On August 23, 2013, the Company amended the revolving line of credit agreement and extended it to September 2014. All other terms remained consistent with the original agreement.
On June 18, 2014, the Company amended the revolving line of credit agreement to provide for an additional $2,000 of borrowings and extended the maturity date of the line of credit to September 2015. As of December 31, 2014, the Company had borrowed $2,000 against the available $4,000 on the revolving line of credit.
NOTE F - STOCK-BASED COMPENSATION
In July 2011, the Company granted to three employees options to purchase, in aggregate, 787,500 common shares at a price of $0.01 per share. The options have a seven-year expiration date and vest over a two-and-one-half-year term from the grant date, subject to various performance criteria; however, exercise, in all circumstances, is restricted to the earlier of a change of control by a noncurrent shareholder or a listing of the Company’s common stock on a public exchange. Since the performance criteria were not achieved in 2013, no compensation expense has been recorded. In January 2014, the vesting period expired, and as the performance condition was not met, the options were cancelled.

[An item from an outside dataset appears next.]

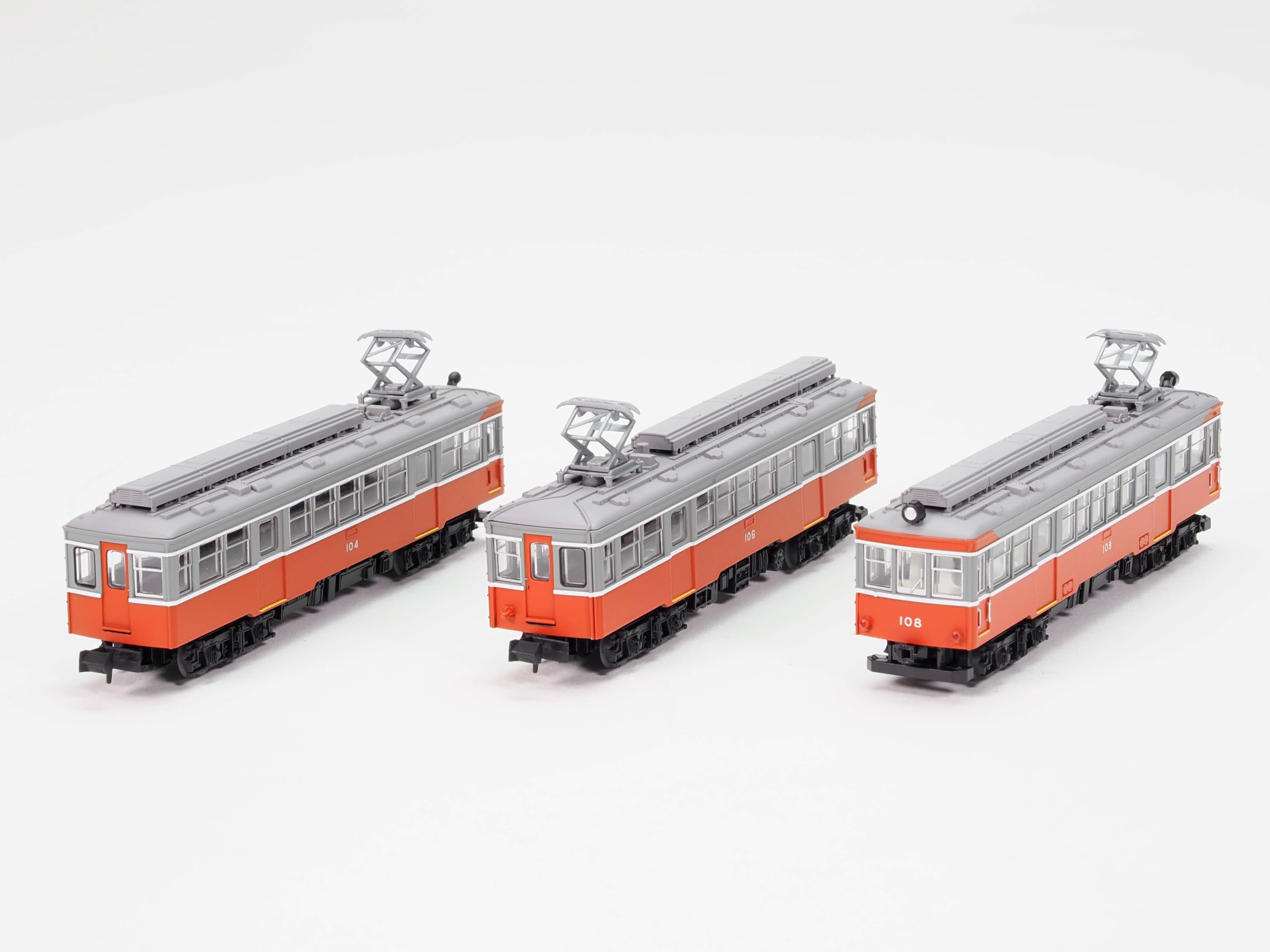 Amazon | トミーテック (TOMYTEC) 鉄道コレクション 鉄コレ 箱根登山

NOTE G - STOCK APPRECIATION RIGHTS PLAN
On January 1, 2014, the company established a Stock Appreciation Rights (SAR) plan to retain and reward key employees. The Company authorized the issuance of up to 1,500,000 SARs. The SAR plan allows the SAR holders to participate in the proceeds of certain future sale transactions involving the Company, but the SARs do not have any of the rights or privileges of equity ownership and are not marketable or generally transferable under the plan. The payout on a trigger event is equal to an allocable share of the consideration from a trigger event reduced by the base value of the Company as determined by an independent third-party as of December 31, 2013. The plan also provides for a payout if the employment of a holder of vested SARs is terminated for any reason other than cause.
On January 1, 2014, 375,000 SARs were awarded to three employees. During the course of 2014, 225,000 SARs were canceled and returned to the eligible pool. On January 1, 2015, 50,000 SARs are scheduled to vest. During the year ended December 31, 2014, the Company recorded no compensation expense or related liability in connection with the issued SARs.
On January 1, 2015, the Company issued an additional 500,245 SARs to qualified employees and issued an additional 50,000 SARs to one key employee.
NOTE H - SUBSEQUENT EVENTS
The Company’s subsequent events were evaluated through April 27, 2015, when the consolidated financial statements were available to be issued.